Supplied entries ->
◆ ◆ ◆ ◆

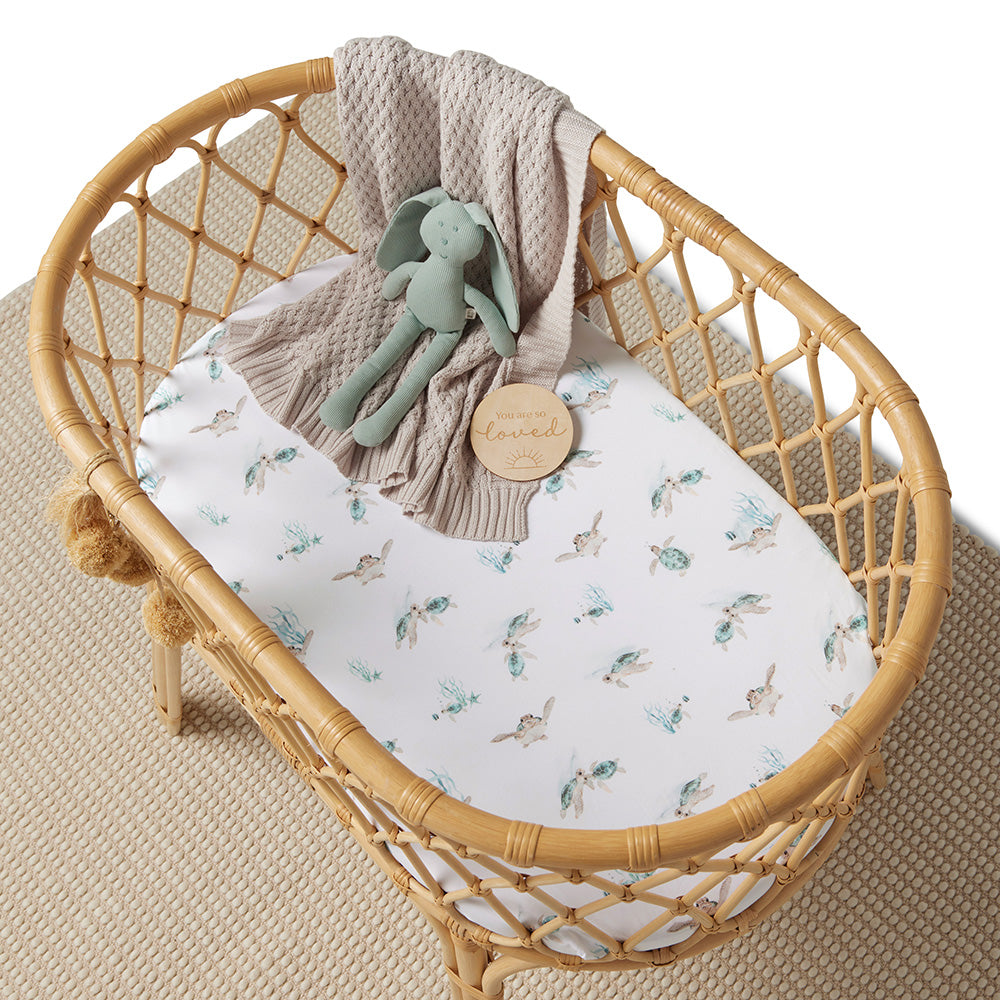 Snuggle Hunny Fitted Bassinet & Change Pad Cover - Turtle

◆ ◆ ◆ ◆

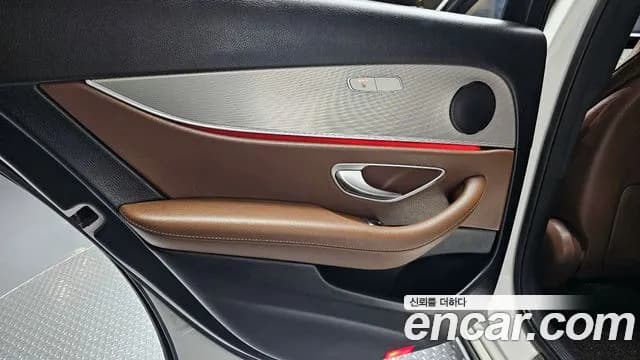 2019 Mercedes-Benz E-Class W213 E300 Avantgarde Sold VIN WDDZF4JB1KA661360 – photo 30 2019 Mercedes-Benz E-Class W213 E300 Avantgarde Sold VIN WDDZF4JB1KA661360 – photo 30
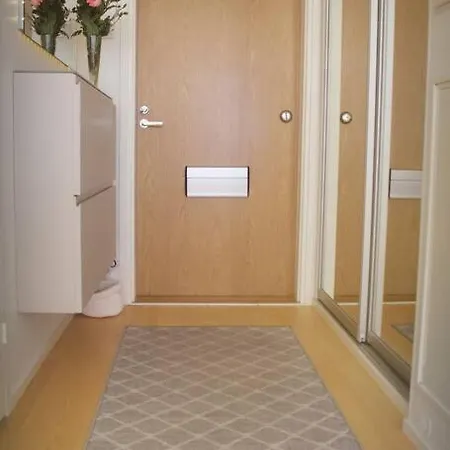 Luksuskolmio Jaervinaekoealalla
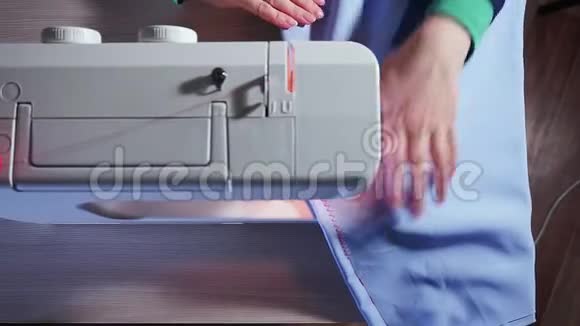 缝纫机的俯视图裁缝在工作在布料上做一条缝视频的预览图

◆ ◆ ◆ ◆

Task objective ->
What you write must match the listing exactly, from the line with "photo 30 2019" up to and including the line with "缝纫机的俯视图裁缝在工作在布料上做一条缝视频的预览图". Pictures stay out.

Result of the exercise ->
 2019 Mercedes-Benz E-Class W213 E300 Avantgarde Sold VIN WDDZF4JB1KA661360 – photo 30 2019 Mercedes-Benz E-Class W213 E300 Avantgarde Sold VIN WDDZF4JB1KA661360 – photo 30
 Luksuskolmio Jaervinaekoealalla
 缝纫机的俯视图裁缝在工作在布料上做一条缝视频的预览图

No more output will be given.